- **Task requirements**:
Under this line are the records; repeat exactly the lines starting at the one containing "Jeff Bezos und" and ending at the one containing "Nokwol Lane Leather Ballerina Pumps, Black", omitting pictures.
---------- Provided entries ----------
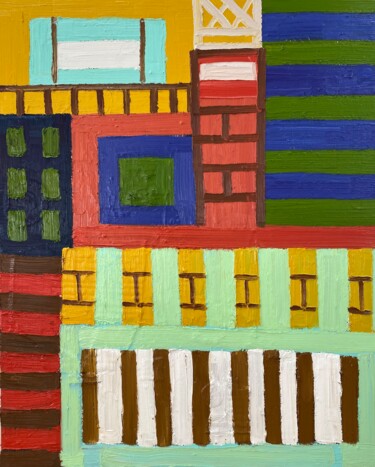 Картина под названием "Building 2" - Liam Porisse, Подлинное произведение искусства, Масло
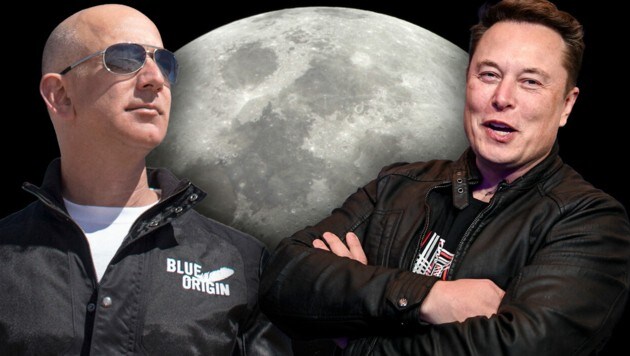 Jeff Bezos und Elon Musk (Bild: stock.adone.com/Leiftryn, AFP, Krone KREATIV)
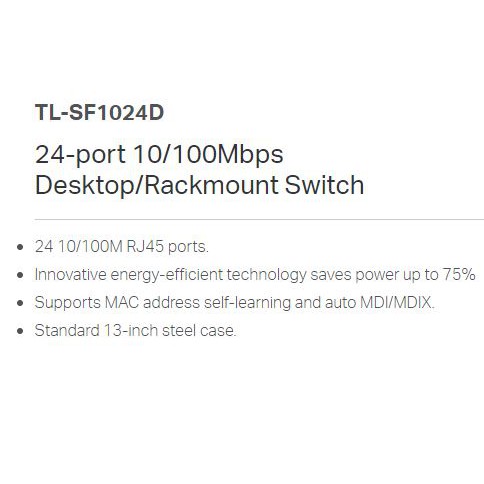 TP-Link TL-SF1024D 24-port 24 port 10/100 Switch Hub Steel Case | TPLink GARANSI RESMI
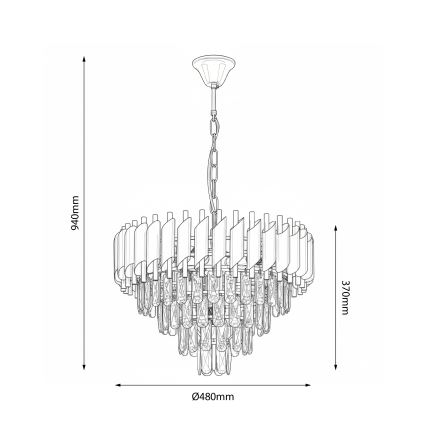 Brilagi - Luster na lancu ECLIPSE 7xE14/10W/230V prečnik 48 cm srebrna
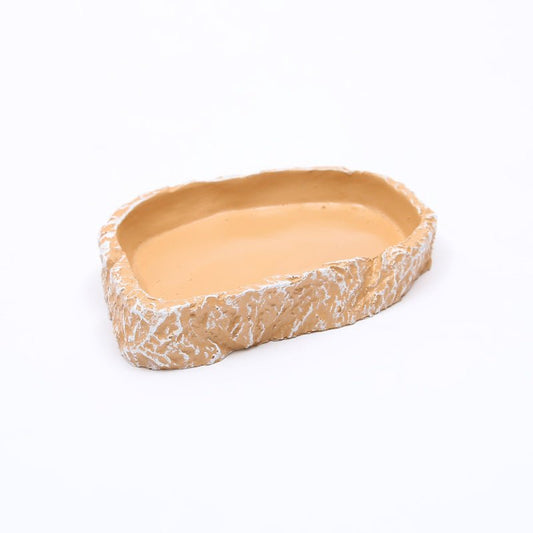 Reptile Food Basin - Resin Water Dish for Tortoise, Lizard & Gecko | Natural Rock Design - Firstpetcentral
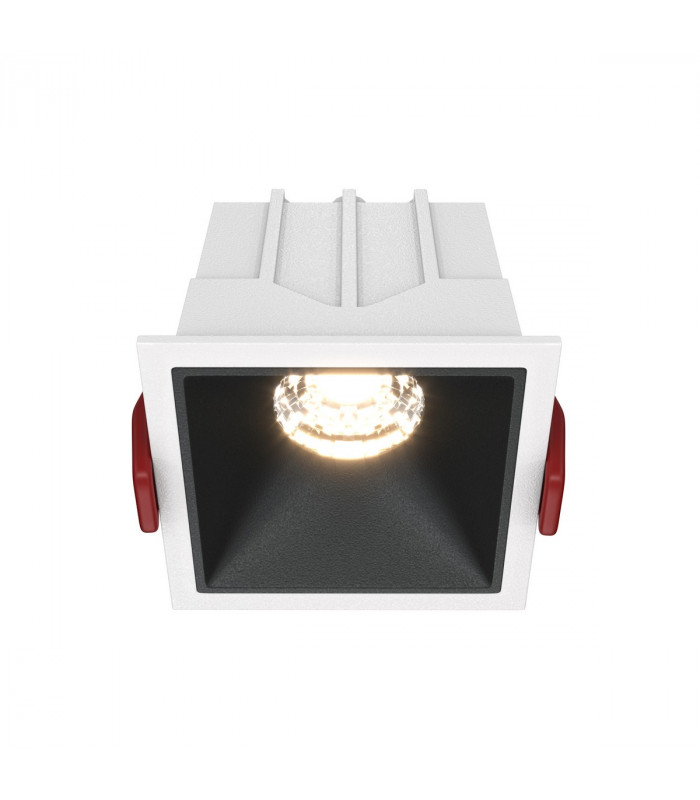 Maytoni Alfa LED Square Dimmable Recessed Downlight White Black 500lm 4000K-2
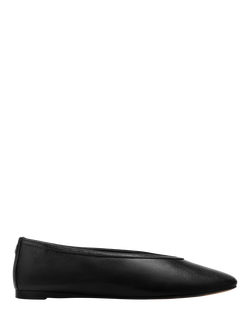 Nokwol Lane Leather Ballerina Pumps, Black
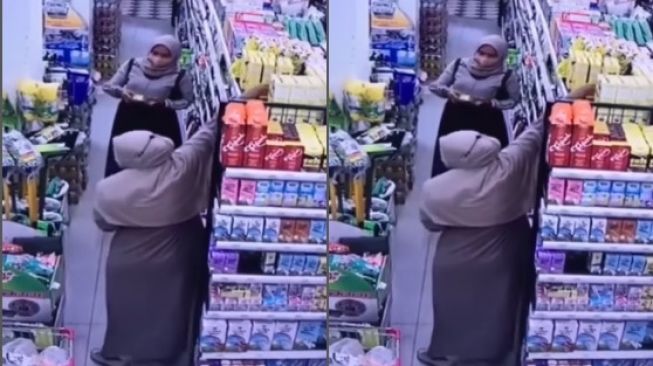 Astaga, 2 Emak-emak Berhijab Kompak Mencuri di Minimarket, Susu Bayi Masuk 'Kantong Doraemon'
----------
- **Reply to the exercise**:
 Jeff Bezos und Elon Musk (Bild: stock.adone.com/Leiftryn, AFP, Krone KREATIV)
 TP-Link TL-SF1024D 24-port 24 port 10/100 Switch Hub Steel Case | TPLink GARANSI RESMI
 Brilagi - Luster na lancu ECLIPSE 7xE14/10W/230V prečnik 48 cm srebrna
 Reptile Food Basin - Resin Water Dish for Tortoise, Lizard & Gecko | Natural Rock Design - Firstpetcentral
 Maytoni Alfa LED Square Dimmable Recessed Downlight White Black 500lm 4000K-2
 Nokwol Lane Leather Ballerina Pumps, Black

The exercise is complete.